The Problem with Threads (2006) [pdf]

The Problem with Threads (2006) [pdf](www2.eecs.berkeley.edu)

80 points by DonbunEf7 8 years ago | 55 comments

jgtrosh 8 years ago |

This piece seems to have predicted a very active field in everyday software development since then.

What are the alternative paradigms that have actually become common use? Coroutines, async/await, that's what I hear about online but what are others? I've seen people who touted zmq-communicating-processes with standard patterns as the solution to all problems, and I'm happy not to have to maintain the results.

Have we effectively “solved” the concurrency problem, and if so what's left as an exercise for the future?

chrisseaton 8 years ago | |

Although this paper talks initially about concurrency, you can see that really he's talking about concurrency specifically for the purpose of parallelism.

Coroutines don't solve the parallelism part, because they're concurrent but exclusive.

Async/await as implemented in JavaScript doesn't solve the parallelism part either for the same reason, and async/await as implemented in C# has exactly the same problem as threads.

There are many ideas for how to solve the problem - but I think anyone who is honest will tell you none are a perfect solution to all situations where you want parallelism or concurrency.

For example to use zmq-communicating-processes effectively you need a problem where you can divide the data or tasks cleanly a-priori.
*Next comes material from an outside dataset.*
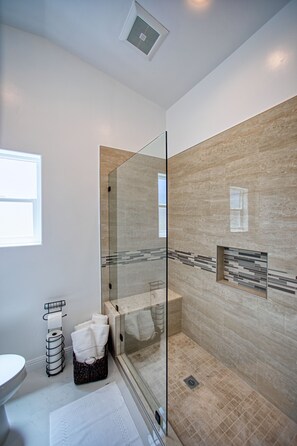 Shower, designer toiletries, hair dryer, towels - Pirates Cove Lodge (Temecula)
We simply don't have the mathematical understanding of how to do that to some important algorithms that people really need to run in parallel today, such as triangulation or mesh refinement.

We probably need some radical new idea, or maybe it's looking increasingly like only a mix of ideas will work.

amelius 8 years ago | | |

Triangulation and mesh refinement seem suitable for divide and conquer, except perhaps in pathological cases.

toast0 8 years ago | |

At risk of being that guy, the actor model (ala Erlang) is pretty good at concurrency. If you're unfamiliar, it's basically no shared state, and communication with other actors (Erlang processes) by sending asynchronous messages to the other actor's message queue.

The code for each actor is usually pretty small and easy to reason about. However, emergent behavior of the system, and ordering between messages from multiple actors can become tricky. Also, exposure to this idea long term will warp your mind :)

chrisseaton 8 years ago | | |

The actor model is very vulnerable to race conditions - that’s a big downside to it.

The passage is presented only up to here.